Didn't school just let out for the summer? Thought so. And yet moms and dads are already stocking up for the school year ahead.
The National Retail Federation (NRF) reports approximately 52 million parents are heading to the stores this back-to-school season, with retailers and marketers are trying earlier than ever to earn their business.
And while parents have always been on the hook for traditional school supplies like notebooks and pens, they're now being asked to provide everything from tissues to hand wipes to plastic bags to keep classrooms running smoothly.
Growing shopping lists
The result? School supply lists that are longer than ever, according to the experts at the National School Supply Lists Directory, and a shopping season second only to Christmas in its attention from major retailers and brand marketers.

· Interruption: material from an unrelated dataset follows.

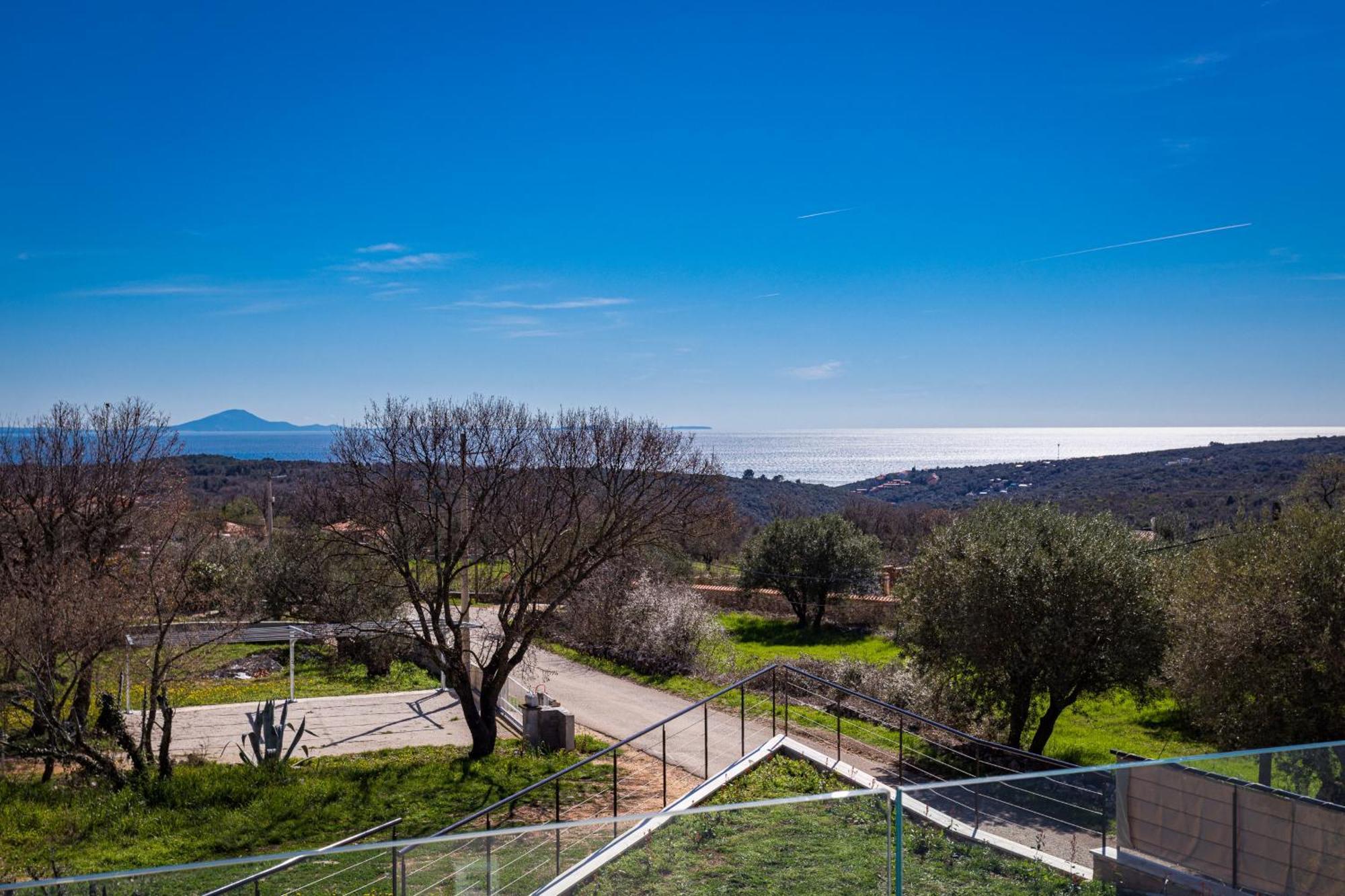 Villa Ogradina Near Pula With Sea View For 5 Persons Only 3 Km From The Beach Krnica Exteriör bild
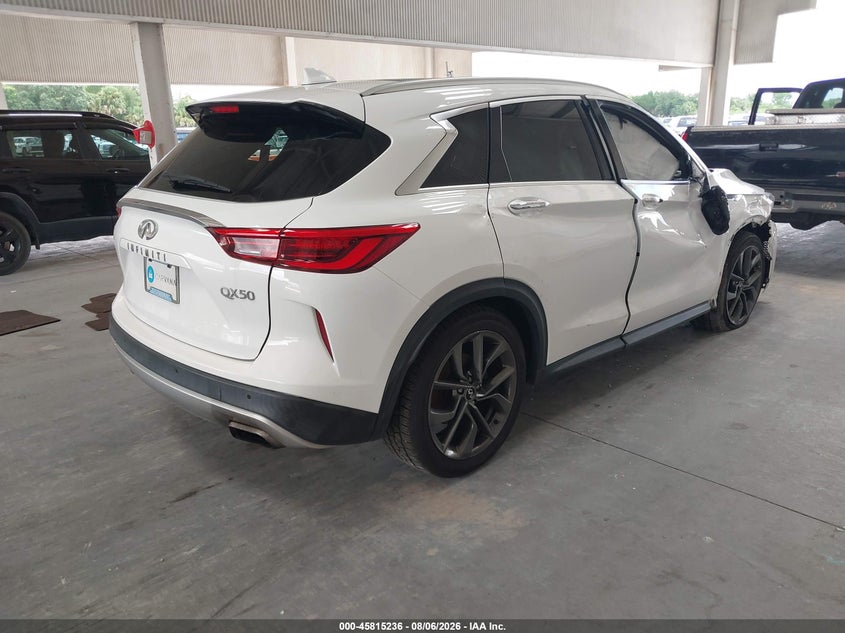Vin: 3pcaj5m30kf105287, lot: 46314111, infiniti qx50 essential 20194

"The average 2014 required school supply list now contains 18 items," said Tim Sullivan, founder of TeacherLists.com, the national online platform that already hosts more than 400,000 of those supply lists. "That's a 29% increase from 2013 with almost the entire increase coming from more and more types of consumable supplies being added to lists. It's not so much more glue and notebooks -- it's glue and notebooks plus tissues and re-sealable bags and hand wipes."
For retailers this means even more spending while for parents it means more focus on sales and promotions on required items. "This has led to retailers starting promotions earlier than ever before," said Sullivan.
The NRF points out that 24% of K-12 parents were looking for early sales in 2013. Additionally, 45% of K-12 parents are planning to shop sales more often this year, according to a survey conducted by the NRF last month.
Brand marketers, too, are getting into the mix as much as possible with coupon offers and incentives that try to make their brands the preferred brands of teachers and back-to-school shoppers. With $5 billion in spending on the line, it's no wonder.
"It's amazing how much the annual school supply list drives sales," noted Sullivan. Teachers and schools often request generic glue or paper, but if they request a brand name there's usually a reason for that preference and parents follow suit. Brands know this and work hard to earn a spot on those lists."